Other Validation Methods:
8. Build another function to perform validation using the “validation set approach” described in ISLR section 5.1.1 where a randomly-selected half of the dataset is used for training, and the remaining portion is used for validation. Your function should have the signature VALSETerr(df,modelOrder,splitseed) and it should return a SINGLE MSE value of the prediction quality on the validation set. The randomness should be repeatable, based on controlling the random seed in the data permutation before the split using splitseed. When determining “half”, don’t forget to handle situations where the number of observations in df is odd.
9. Build another function to perform k-fold cross validation as described in the book section 5.1.3. This function will have the signature KFOLDerr(df,modelOrder,k,splitseed) and will return a k-length vector of total-error terms. Each total-error term represents the mean of the MSEs computed on each of the k folds. Membership of the data in each fold should be determined randomly. Hint: When partitioning the data into folds be careful to write code that handles non-integer fold-sizes appropriately (when the number of observations in df is not integer-divisible by k).

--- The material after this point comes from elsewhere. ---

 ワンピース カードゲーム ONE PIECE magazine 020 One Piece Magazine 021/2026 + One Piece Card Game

The randomness should be repeatable, based on controlling the random seed in the data permutation before the determination of the fold memberships using splitseed.

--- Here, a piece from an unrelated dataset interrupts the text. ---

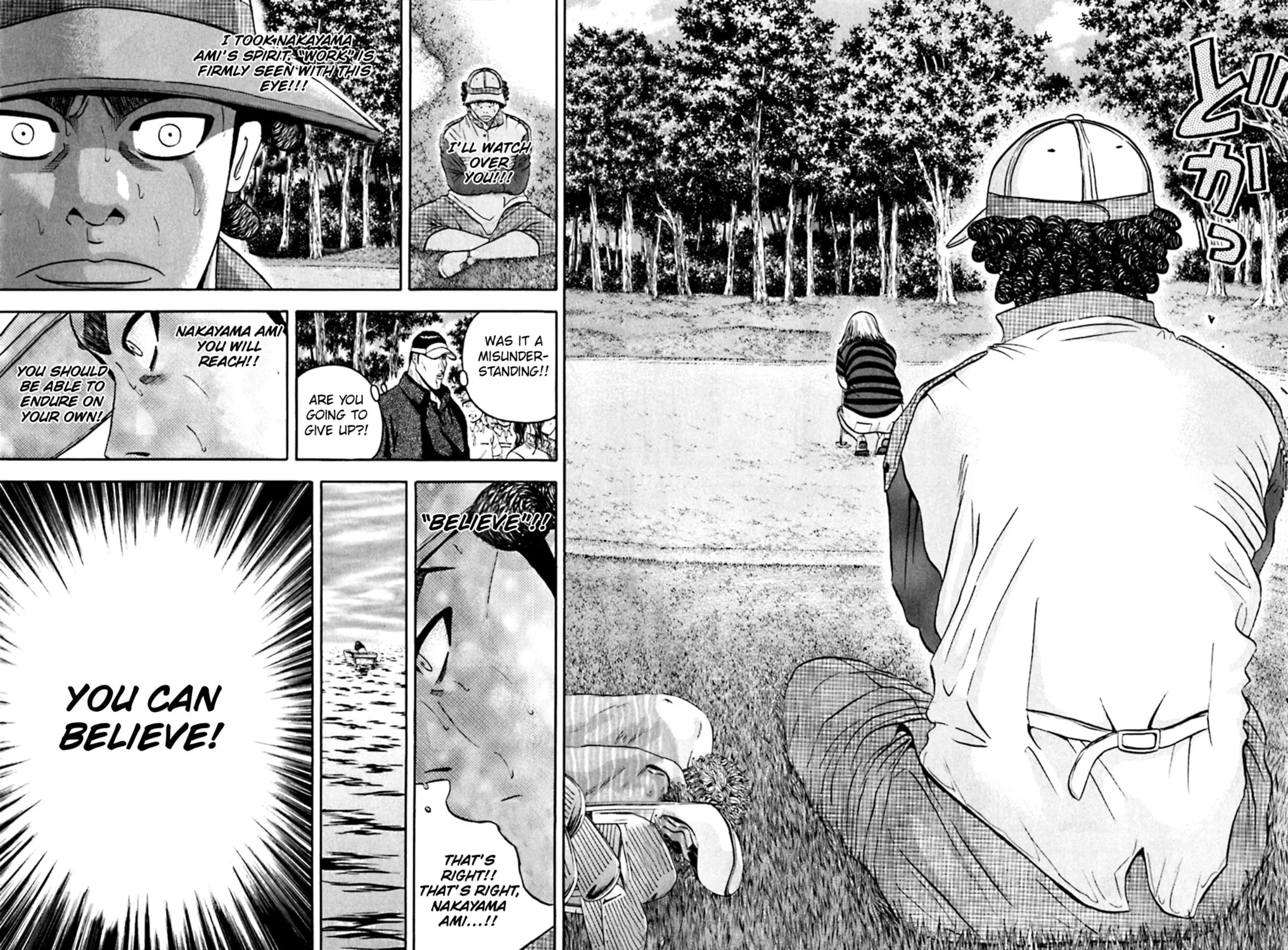Read KING GOLF chapter 141 image 14 on Lezhin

10. In a later step you will visualize the reliability of 3 validation methods: A) validation set; B) 5-fold cross-validation; C) 10-fold cross-validation. Write code to compute and store the MSEs of each of the 3 validation methods (A, B, C) for each model order (1 through 7) on splitseed values of 1 through 10. You are collecting a total of
3 x 7 x 10 = 210 MSE values in this step (70 per validation method).
11. Make 3 “spaghetti plots” – one for each validation method (validation set, 5-fold CV, and 10-fold CV). In these plots, the X axis is model order and the Y axis is MSE. In each spaghetti plot there will be 10 lines (1 line per random seed which controlled the data split into train/val partitions). Each of the 10 seed lines will have 7 model order points which display the MSE at each of those model orders. For each line in a spaghetti plot, there should only be one point marked using a linemarker: annotate the point with the lowest MSE using a linemarker (there will be one point indicated on each line).
12. Human estimate of most reliable validation method: Using your eyes and the plots from step 10, decide which of the validation techniques (validation set, 5-fold, and 10-fold) is most reliable for choosing model order on this dataset, and discuss your answer & reasoning. Optional: use code to provide a numerical comparison of reliability.
13. Algorithmic estimate of the best model order: Implement code for determining the overall best-order model from whichever was the most reliable validation method you selected in Step 11 (validation set, 5-fold CV or 10-fold CV). Report the best polynomial-order model chosen (1 through 7), indicate whether or not it matched your hypothesis in Step 2 and explain any differences.